Je hochais la tête, tremblante. J’attendais la sentence, m’efforçant de retenir des larmes qui menaçaient de couler de mes yeux. Mais non, il balaya une fois de plus la salle avec un air ébahi. Puis il réfléchit. L’instructeur, lui, était parti pour me faire un long sermon, quand mon père le prit par l’épaule et l’arrêta :
- Merci, Volkner, je m’en occupe maintenant.

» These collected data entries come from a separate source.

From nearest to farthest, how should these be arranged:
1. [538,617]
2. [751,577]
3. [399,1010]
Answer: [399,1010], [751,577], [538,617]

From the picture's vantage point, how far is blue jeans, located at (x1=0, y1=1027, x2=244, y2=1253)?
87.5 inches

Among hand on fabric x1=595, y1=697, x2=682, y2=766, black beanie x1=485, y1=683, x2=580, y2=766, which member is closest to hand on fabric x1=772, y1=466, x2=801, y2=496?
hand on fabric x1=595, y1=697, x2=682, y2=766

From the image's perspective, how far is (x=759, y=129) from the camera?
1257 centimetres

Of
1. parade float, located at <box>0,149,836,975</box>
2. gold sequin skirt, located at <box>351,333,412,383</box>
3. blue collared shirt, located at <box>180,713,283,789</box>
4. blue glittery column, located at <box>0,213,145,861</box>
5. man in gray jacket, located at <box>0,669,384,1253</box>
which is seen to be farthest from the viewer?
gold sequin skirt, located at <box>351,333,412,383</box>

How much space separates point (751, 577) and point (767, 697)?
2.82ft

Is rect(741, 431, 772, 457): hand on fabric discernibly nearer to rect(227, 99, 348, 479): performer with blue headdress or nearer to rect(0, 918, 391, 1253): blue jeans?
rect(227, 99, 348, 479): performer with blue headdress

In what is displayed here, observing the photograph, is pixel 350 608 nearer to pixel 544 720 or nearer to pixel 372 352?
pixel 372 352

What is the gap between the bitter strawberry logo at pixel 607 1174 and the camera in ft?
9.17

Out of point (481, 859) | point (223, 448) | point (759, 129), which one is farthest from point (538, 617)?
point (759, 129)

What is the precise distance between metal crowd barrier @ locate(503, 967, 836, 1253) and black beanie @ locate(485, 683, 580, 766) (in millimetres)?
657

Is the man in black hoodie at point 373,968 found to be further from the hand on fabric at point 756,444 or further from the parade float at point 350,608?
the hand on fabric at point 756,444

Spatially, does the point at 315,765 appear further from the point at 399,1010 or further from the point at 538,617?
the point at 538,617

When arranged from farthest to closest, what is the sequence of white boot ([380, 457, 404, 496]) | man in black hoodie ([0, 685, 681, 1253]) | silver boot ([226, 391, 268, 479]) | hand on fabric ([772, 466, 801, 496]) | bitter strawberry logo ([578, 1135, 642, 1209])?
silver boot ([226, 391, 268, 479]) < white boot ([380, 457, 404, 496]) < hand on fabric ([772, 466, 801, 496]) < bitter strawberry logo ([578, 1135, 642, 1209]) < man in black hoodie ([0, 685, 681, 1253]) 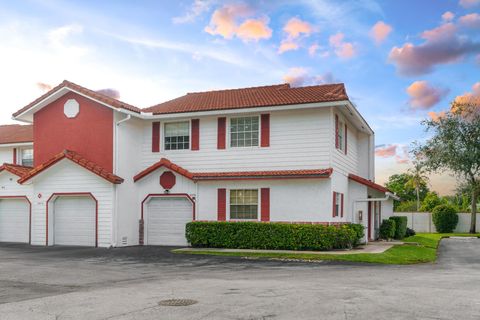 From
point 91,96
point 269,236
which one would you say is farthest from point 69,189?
point 269,236

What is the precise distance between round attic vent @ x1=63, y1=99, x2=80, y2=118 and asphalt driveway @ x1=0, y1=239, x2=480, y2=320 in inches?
310

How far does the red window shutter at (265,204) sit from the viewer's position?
22697 millimetres

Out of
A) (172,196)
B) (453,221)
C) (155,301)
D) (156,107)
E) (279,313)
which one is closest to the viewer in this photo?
(279,313)

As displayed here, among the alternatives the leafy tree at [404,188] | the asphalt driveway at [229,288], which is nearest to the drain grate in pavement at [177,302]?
the asphalt driveway at [229,288]

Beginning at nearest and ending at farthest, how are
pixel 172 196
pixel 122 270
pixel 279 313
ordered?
pixel 279 313, pixel 122 270, pixel 172 196

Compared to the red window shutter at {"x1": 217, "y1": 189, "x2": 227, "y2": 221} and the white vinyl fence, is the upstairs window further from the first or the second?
the white vinyl fence

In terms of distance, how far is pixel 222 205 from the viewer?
23.5m

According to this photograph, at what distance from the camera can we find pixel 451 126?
4612 centimetres

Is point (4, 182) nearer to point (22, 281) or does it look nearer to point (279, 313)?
point (22, 281)

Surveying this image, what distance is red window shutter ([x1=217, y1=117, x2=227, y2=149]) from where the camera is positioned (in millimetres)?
23984

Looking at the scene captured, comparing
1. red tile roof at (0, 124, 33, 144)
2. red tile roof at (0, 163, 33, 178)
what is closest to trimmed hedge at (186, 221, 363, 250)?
red tile roof at (0, 163, 33, 178)

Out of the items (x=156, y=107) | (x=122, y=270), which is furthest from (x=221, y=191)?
(x=122, y=270)

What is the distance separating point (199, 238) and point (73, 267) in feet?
22.8

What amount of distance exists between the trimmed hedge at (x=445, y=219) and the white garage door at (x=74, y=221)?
1265 inches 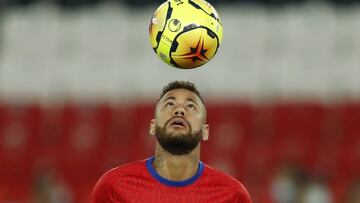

A son invitation, je le suivis à travers les couloirs de Gnomeregan. Pendant qu’on suivait le chemin de retour vers nos appartements, des robots déneigeurs déboulèrent en toute hâte dans les couloirs, très certainement appelés pour nettoyer le laboratoire. Mon père ne leur prêta qu’une attention vague, s’occupant uniquement de me demander comment s’était passé mon cours, puis essaya de me reparler schémas ingéniriques.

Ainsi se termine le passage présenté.